One of the greatest discoveries I ever made in my life has to be that people judge you based on your actual actions, not what you want to do, wish you did, or fantasized about doing. In part this was important because I am not internally the nicest of people. However, what I am naturally inclined to do is rarely what I do because it would be problematic. I used to believe that this meant that I was not being true to myself and my own nature. I realized that this was not true when I learned the difference between what I want right now and what I want long term. The other reason this was an important discovery for me is that it allows me to realize that my actions are how I should judge myself. I may really want to choke the dumb person that is irritating me, however the fact that I do not, means I am a fairly decent human being.
Why is this relevant to having dinner with my sister? I think she has made this discovery. She seems to like herself better for it. This also makes me happy. I think liking you for who you are is way better than liking yourself for who you are hoping to become in order to fit your preconceived idea about what makes a good person. It also is important because it brings about a type of honesty that allows my sister and I to connect. We are both the byproduct of a rather strange and crazy family, so we tend to be bent in similar ways. For the first time this gave the two of us much delight. We also made a pact, that if either of us began to act like our dad; the other of us would just shoot the offender and put them out of everyone’s misery. I think that all who knew my father would agree this is important.

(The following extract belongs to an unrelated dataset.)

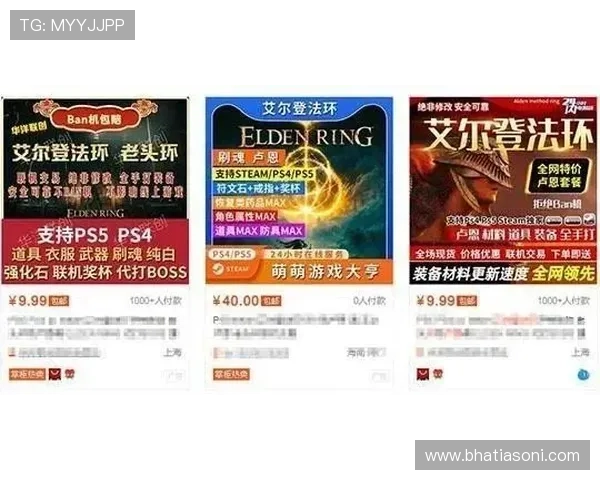 壹号娱乐国际入口最新的优惠活动和奖励机制，帮助玩家轻松提升游戏体验和赢取丰厚奖励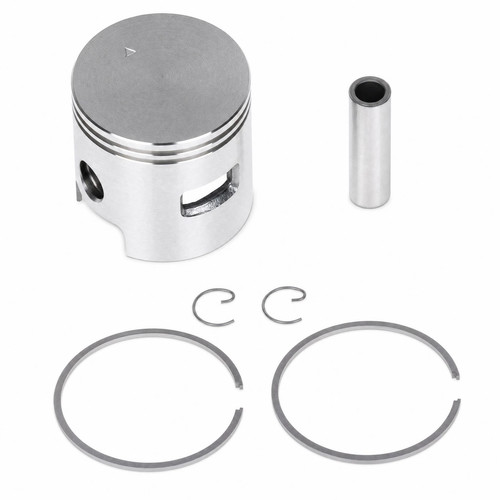 Kit pistoni pt00060 - dr, mm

All in all, it was a good time. We are hoping to do it again soon. This largely depends on one of us not being flakey and forgetting to remind the other not to forget. Scary, sad, but also true.
This is what my brain looks like…
Pinwheel Forest
Dreamt I was walking down a path through a forest. The trees were all giant pinwheels on pink stems. The breeze had them spinning lazily casting dancing brilliance across the path. As I continued on I could hear pine needles crunching underfoot. Then the wind picked up and the whirring became a surreal keening. The day heated up and the smell of hot plastic coated my mouth. The heat began to cause the pinwheel stems to bend under the weight of the tops. I began to run, choking on the smell. The tops came closer to head level. I ran.